**Task directions**
Write out, please, each line from the one containing "Cryptosiphonia woodii" to the final line of the data, both included, exactly and without pictures.

**Data block**

──────────

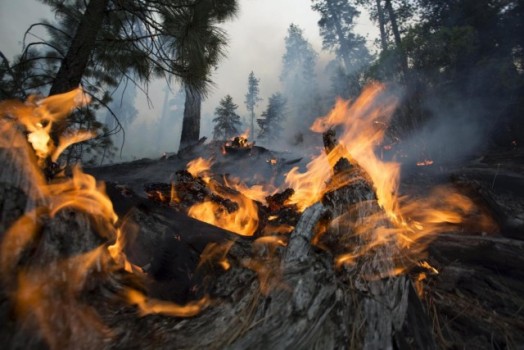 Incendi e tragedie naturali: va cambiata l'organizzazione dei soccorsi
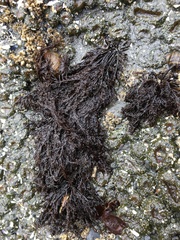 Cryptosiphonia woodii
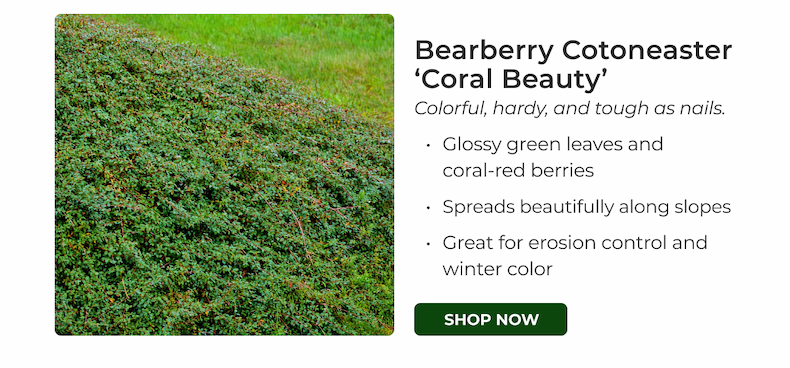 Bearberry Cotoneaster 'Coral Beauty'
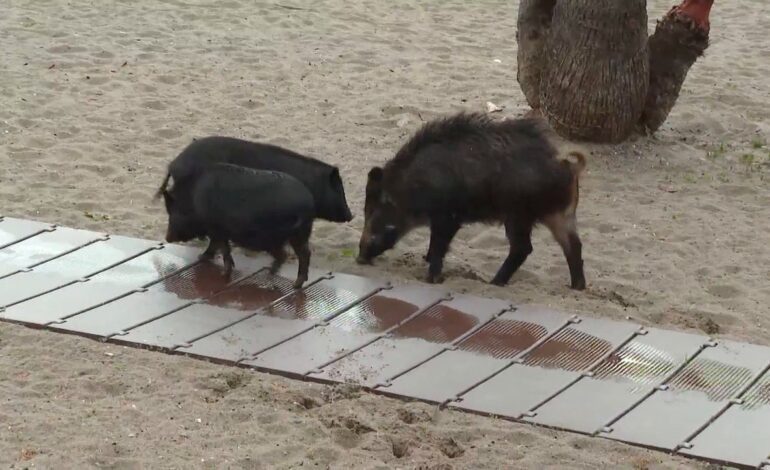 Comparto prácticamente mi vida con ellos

──────────

**Response to this exercise**
 Cryptosiphonia woodii
 Bearberry Cotoneaster 'Coral Beauty'
 Comparto prácticamente mi vida con ellos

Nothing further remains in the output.